Okay, bare with me. This post might be a little long. I've recently been learning a lot from Neil Gaiman and his Master Class. There's a section where he talks about making the flow of plot and how to get the reader to keep turning the page. These are the notes that I took of what he said. I didn't quote him on everything, but pretty much everything written here is what he said in his video word for word:
The “What’s Going To Happen” game is the game that you play as a writer, with your readers. This is what keeps them turning the pages. Things they don’t know, things they need to find out - things that they care about. And, coming into a story, it can simply be, “Who are these people? What are they doing? Why should I care?” After a little while, it can get a lot deeper:
“And then what happened?”
These are the most important words there are for a storyteller.
Anything you can do to keep people turning the pages, is legitimate.
The main thing you have to do is care. Because if you don’t care what happened, then nobody else will. You need to imbue that care into your writing.
Because then, any time you move from character to character, or the story hesitates, the question will come from the audience: “And then what happened?”
Create Conflict
Do not shy away from conflict. You have to allow the conflict to happen. That is so much of what a plot is.
What Do Your Characters Want?
You have a bunch of blocks when you’re building a story.
What does the voice sound like? What do your characters sound like? Who are they? What do they do? What do they want?
What do the characters want? When you’re building plot, this question is a VERY important one - the one that matters. It’s the only question that opens the door to what you will do next. Because it will dictate what you will do next with the story.
If you get stuck, you can ask yourself what your characters want. It’s like a flashlight: it shines a light on the road ahead.

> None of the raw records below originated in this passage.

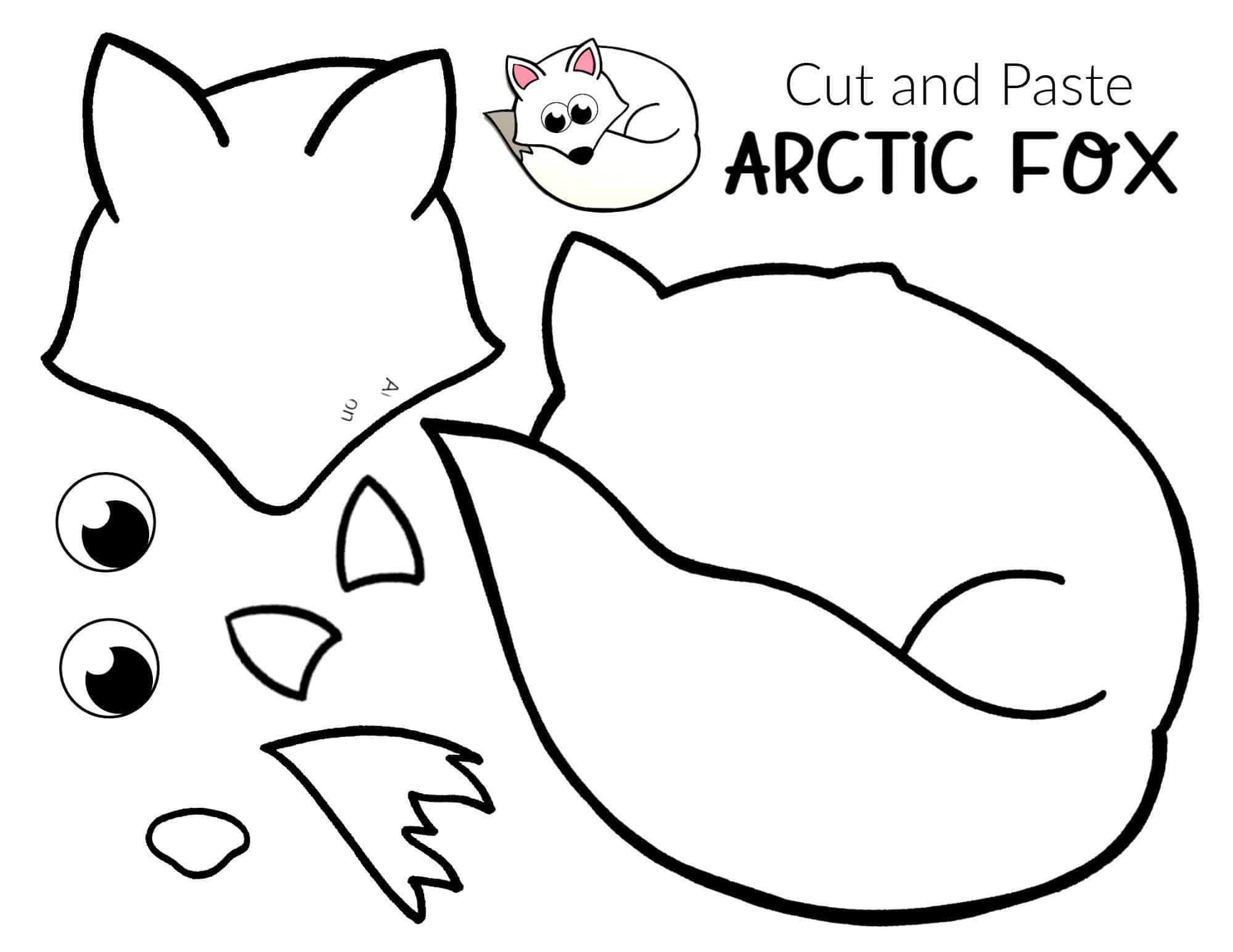Free Printable Arctic Animal Fox Craft for Kids Preschoolers and Toddlers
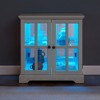 Vynxaria LED Curio Display Cabinet: Antique Design with Adjustable Shelves, Lattice Doors, Elegant Bookcase & Storage for Home Decor. - 2 of 4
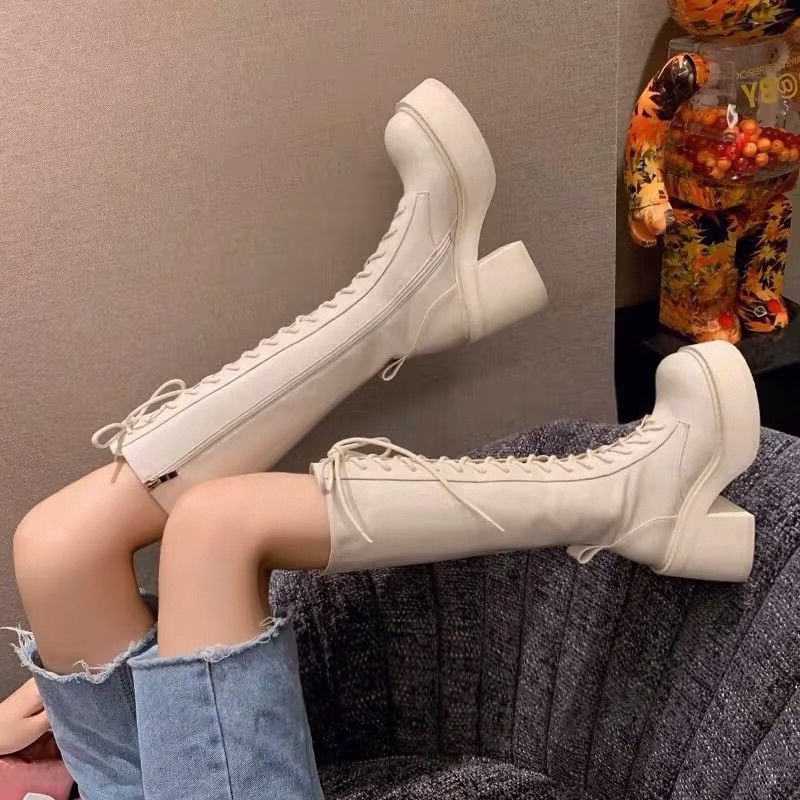 White  Boots Thick Bottom High - Pipe Bending Spring ulasan dan harga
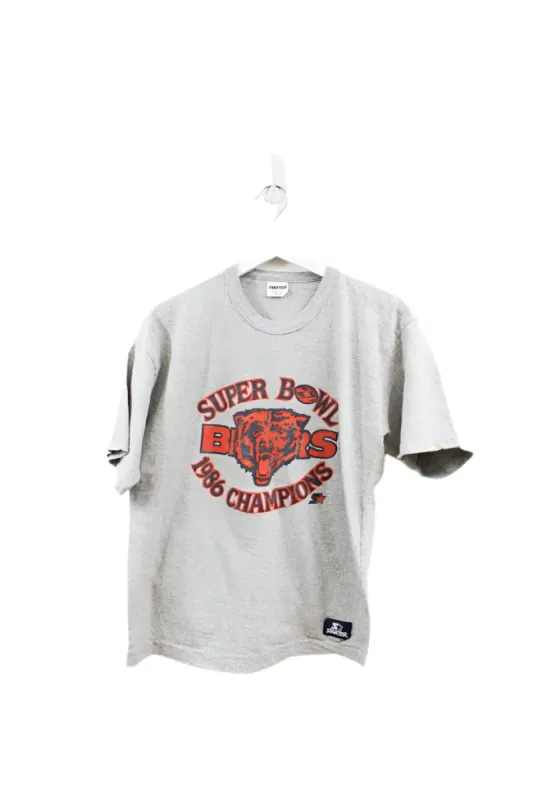 Z- Vintage Chicago Bears 1986 Super Bowl Champs NFL Starter Made In USA Single Stitch tee sold by HG Vintage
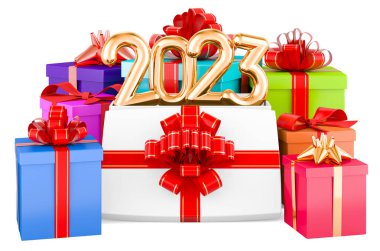 Hediye Kutuları 2023, Yeni Yıl ve Noel konsepti. Beyaz arkaplanda 3B görüntüleme izole edildi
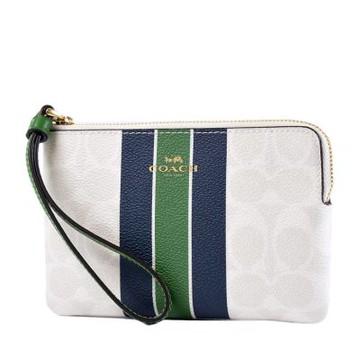 COACH 直紋緹花LOGO防刮皮革手拿包-白/綠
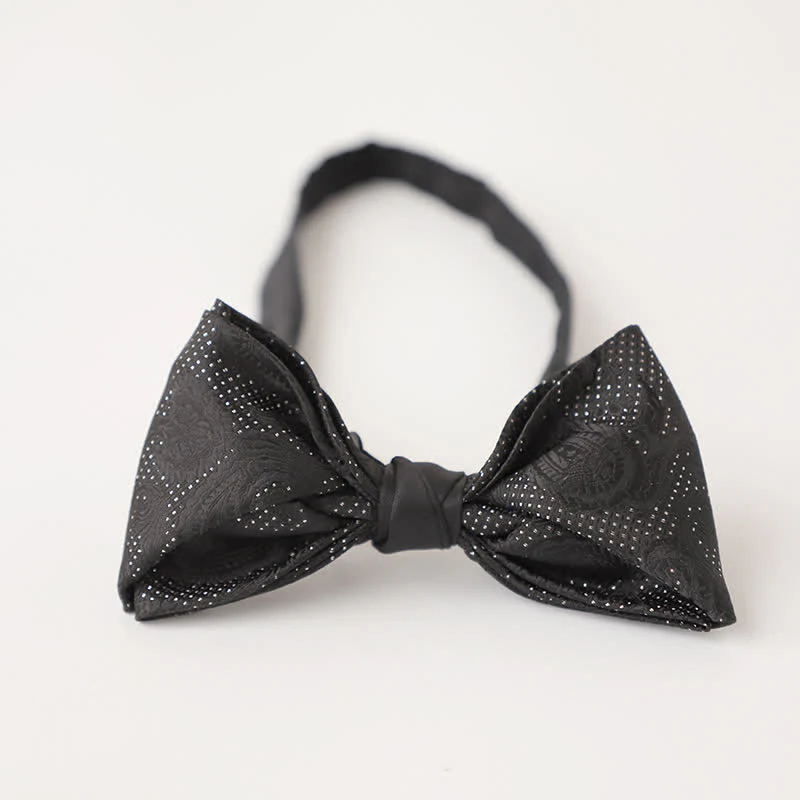 Men's Noble Black Micro Pattern Bow Tie - Image 3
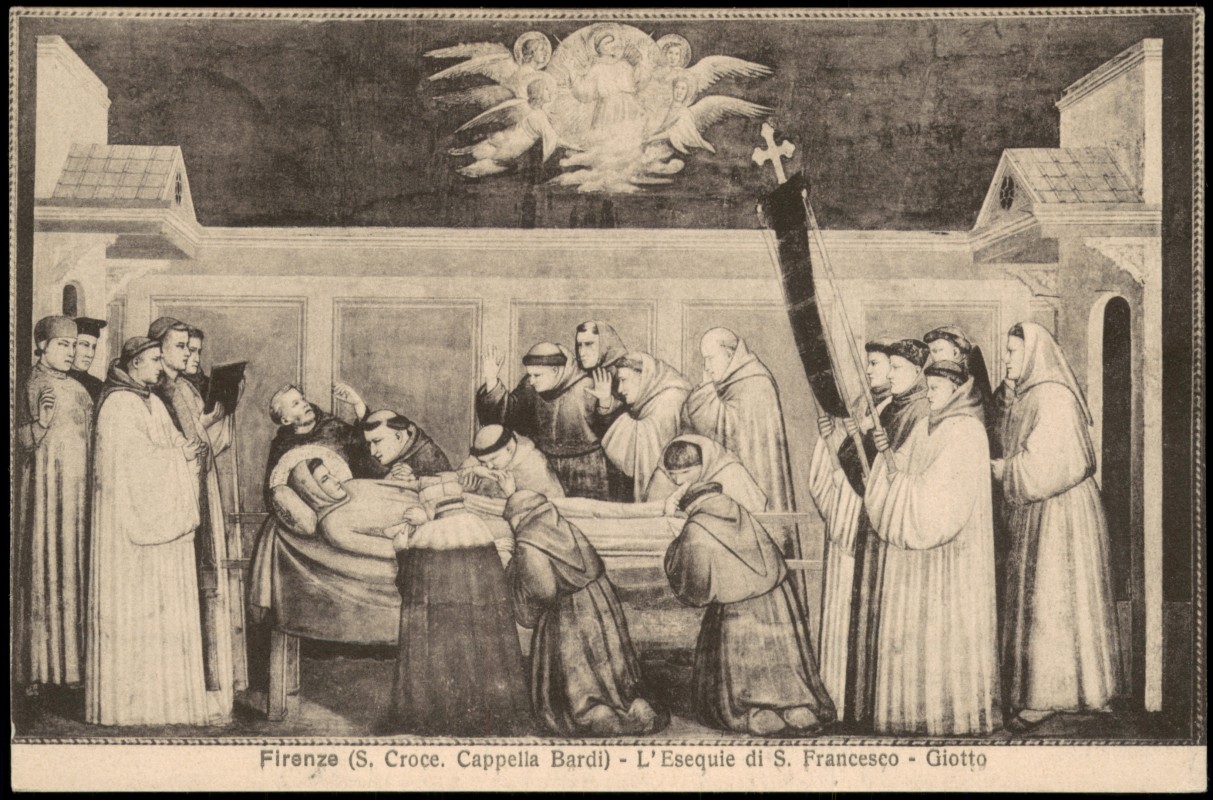 vergrößern: Bildseite historische Ansichtskarte von 1910: Kunst-Ansicht S. Croce Cappella Bardi) Esequie di S. Francesco Giotto:: Florenz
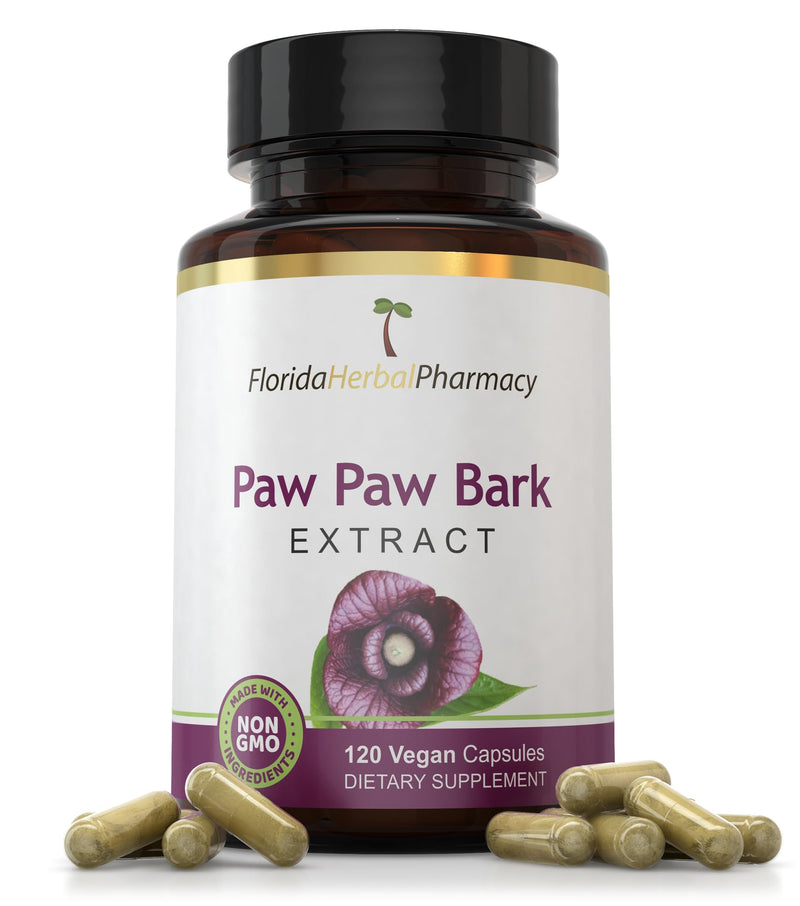 Florida Herbal Pharmacy, Paw Paw Extract Supplement Capsules 10:1 (120 Capsules) 500 mg per Capsule, 1000 mg Serving (Pack of 1)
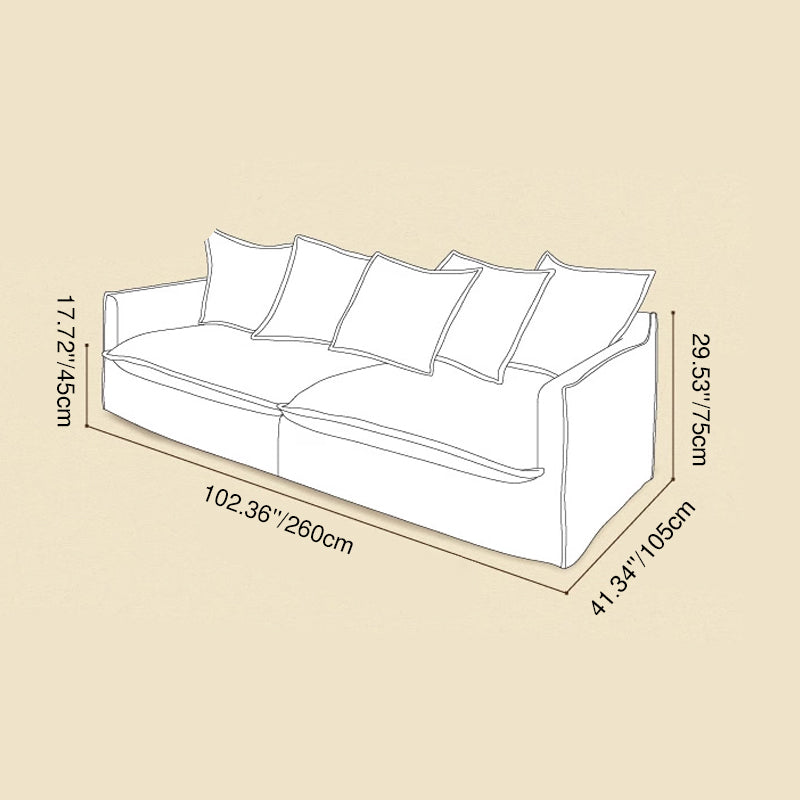 Moonlight White Linen Birch Wood Sofa — Elegant French-Style Soft-Touch Lounge Sofa, 3/4 Seater for Living Room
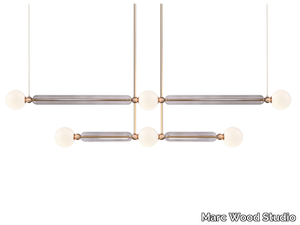 CASE LINEAR 2 TIER - LED brass and glass pendant lamp _ Marc Wood Studio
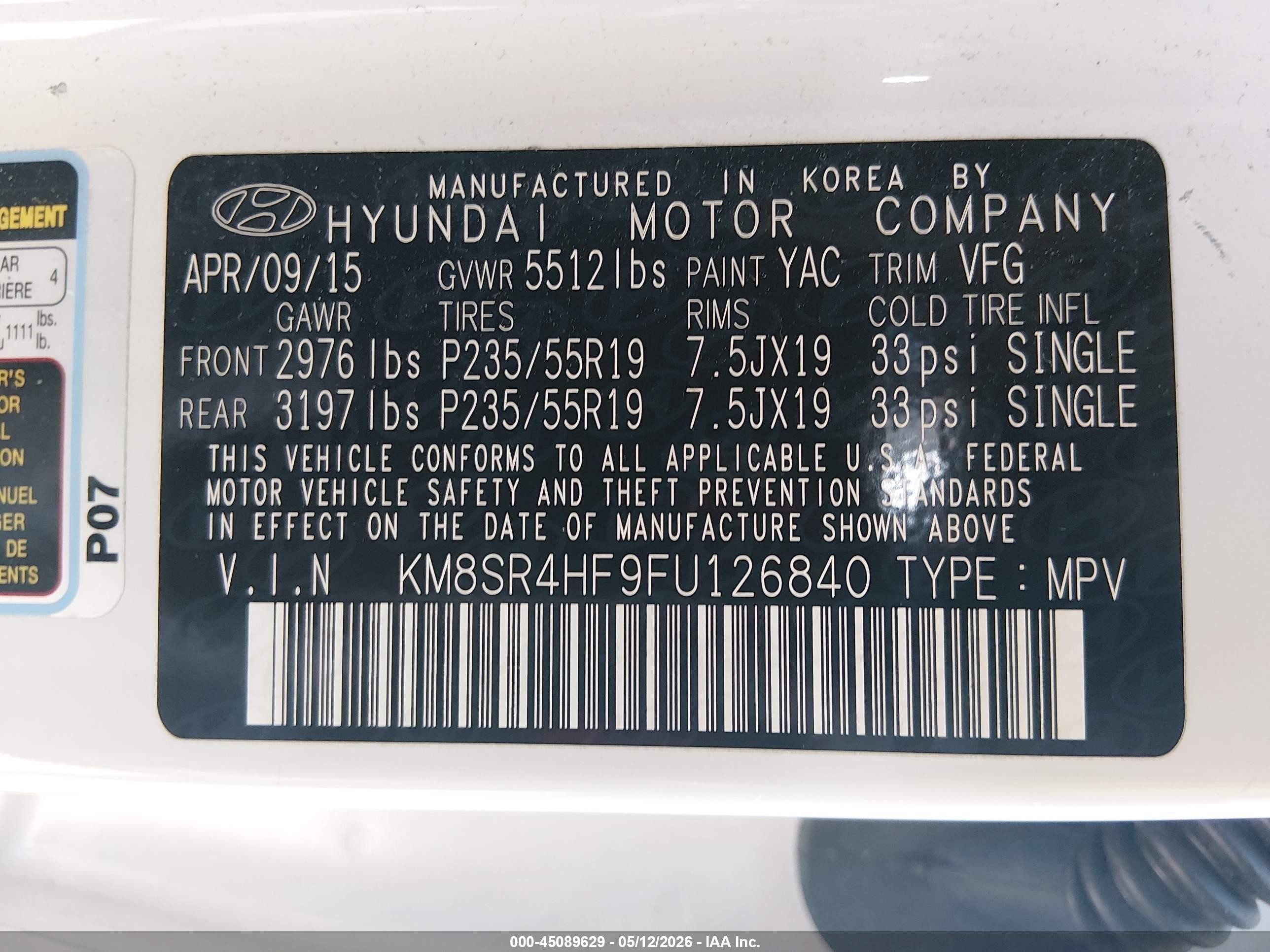 2015 Hyundai Santa Fe Limited White vin: KM8SR4HF9FU126840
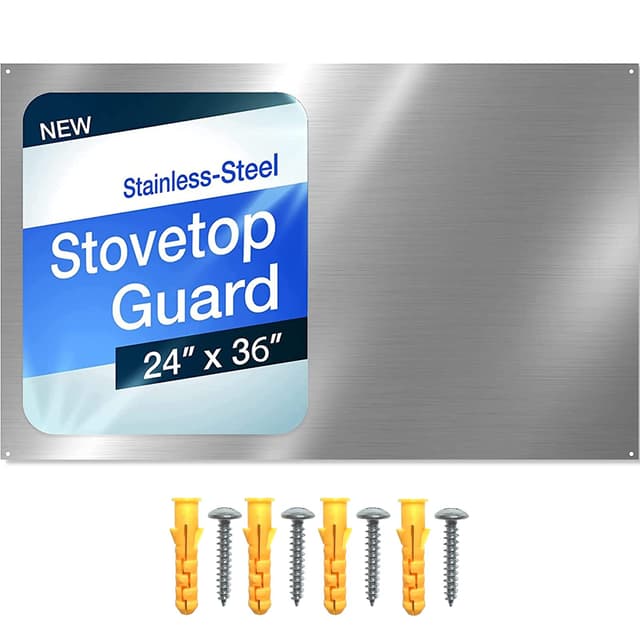 24" x 36" Reversible Metal Backsplash Matching screws | Compatible with Broan-NuTone SP3004 - Ultra Flat and Flushed Metal Panel Splatter Guard for Stovetop Easy Installation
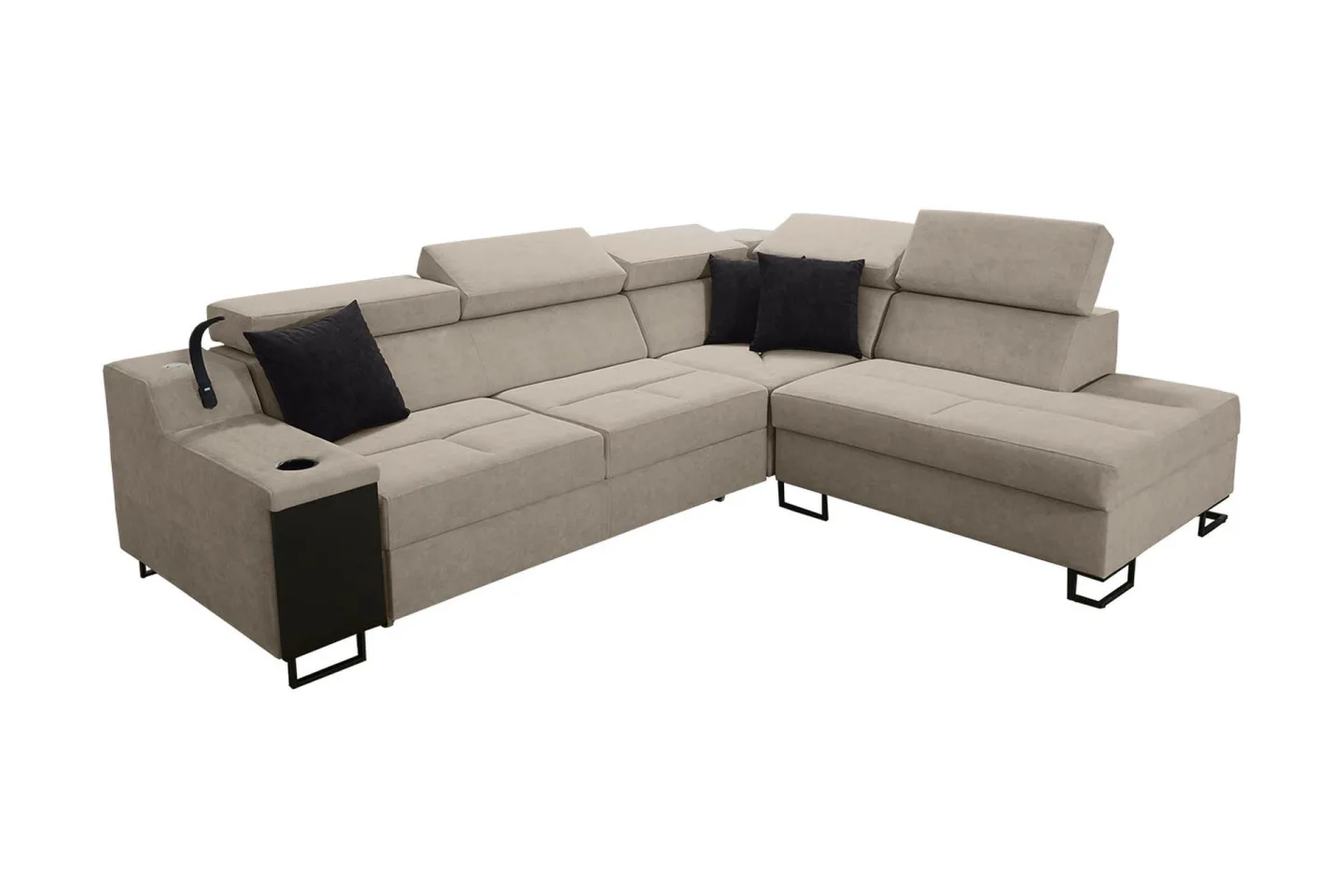 Seginus Bäddsoffa m. Schäslong 3-sits 210x127 - Beige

If you can’t figure out what your plot is when you know your characters: “Just have two of your best characters and have them figure out what they want. And have them want things that are mutually exclusive. And then set them off on their quest.”
Doing this, where only one of them can get what they want - that will give you conflict, that will give you plot.
Asking a character, “What do you want? What do you need?”, and using it as a driver, is one stage below the mechanics of plotting. And it will save your butt over and over if you take that as an important thing. And remember: characters always, for good or for evil, get what they need. They do not get what they want.
What characters want, and what they need, will always be the driving forces of a story.
I suggest taking a look at his Master Class. It's super insightful into the mechanics of stories and what makes them tick, and it's really helped me make my writing a heck of a lot more meaningful.